Very nice, Mike! What sort of substrate are you using in that tank? It suits it very well, I like it a lot.

http://www.wheelpost.com


----------



## ekim (Jan 31, 2004)

Thanks Vicki, 
the substrate is called "stone dust" it's actually used to put below patios stones, all home improvement stores around here carry it, $8 for 66lbs!!!

*My Digital Gallery*


----------



## ekim (Jan 31, 2004)

Vicki, here is a better shot of the substrate for you.

BTW, that's a dime for size reference!










*My Digital Gallery*


----------



## Vicki (Jan 31, 2003)

LOL! I just KNEW it was going to be something REALLY economical! We may have a winner here--I'll have to go see if I can find some of that, I REALLY like the way it looks--subtle and neutral, but very natural and not lifeless, like some dark substrates.

http://www.wheelpost.com


----------



## ekim (Jan 31, 2004)

You calling me cheap!! LOL









It's a very light grey color in the bag, as it is covered with dust!
It takes alot of rinsing with the hose, as does flourite though!!

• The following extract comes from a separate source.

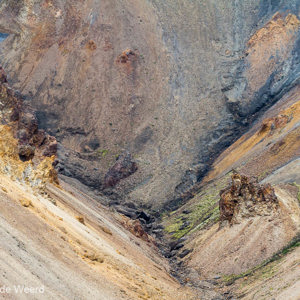 2012-07-21 - Kleurrijk rhyoliet gebergte<br/>Landmannalaugar - IJsland<br/>Canon EOS 7D - 130 mm - f/8.0, 0.01 sec, ISO 400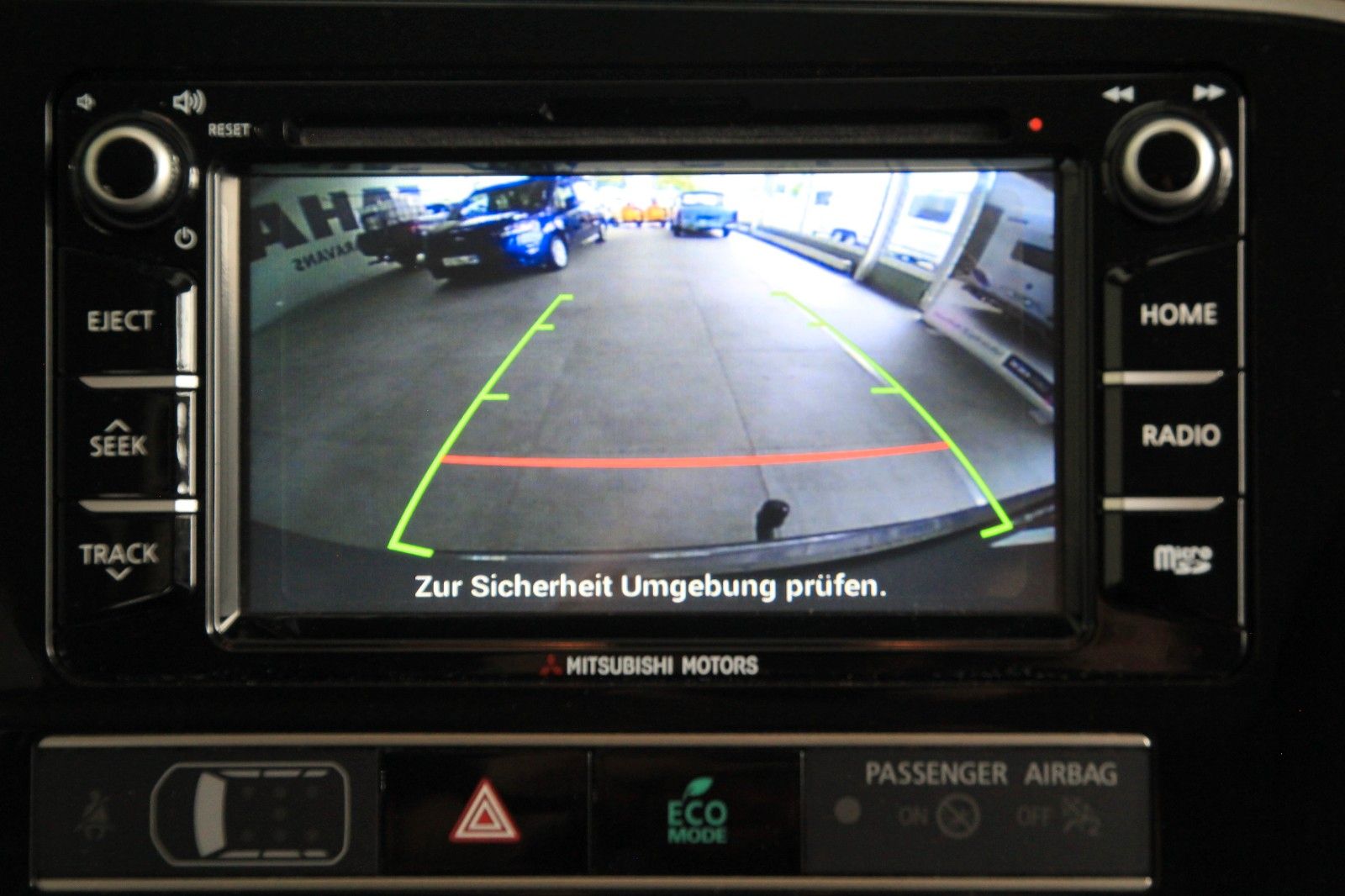 Fahrzeugabbildung Mitsubishi Outlander Active 2WD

Good luck on your Saturday mission!! LOL

*My Digital Gallery*


----------



## Vicki (Jan 31, 2003)

ROFL! I would like to point out that I did NOT say cheap! Thanks for the info, I think I WILL go take a look!

http://www.wheelpost.com


----------



## Guest (Aug 2, 2003)

Great job Mike. 

Lots of potential in this tank. 

1. Can we see some pictures at the angle (right angle).

2. I would like to see left side growing with 45' angle instead of 90'. It hard to explain what I want to mention. 

3. What are your plans for foreground ?. Would like to see it fully covered or for now have at least less-drastic drop from Sags (?) to gravel.


----------



## ekim (Jan 31, 2004)

Vicki, I'm just giving you a hard time!

Kim, In my opinion the only important things about substrates are, that they don't leach anything harmfully into the water column and the size of the "gravel"! That goes for high growth tank tanks. I have grow nice full planted tanks in epoxy coated gravel with great success!

Phil, now your giving me a hard time "EH"








Have you used "paver base"/stone dust before?

*My Digital Gallery*


----------



## ekim (Jan 31, 2004)

Thanks Jay!
1. do you mean pics from the right side of the tank?

2. I think I know what you mean... 
an angle from the bottom front left to the top left back?? or do you mean a 45 from the front view?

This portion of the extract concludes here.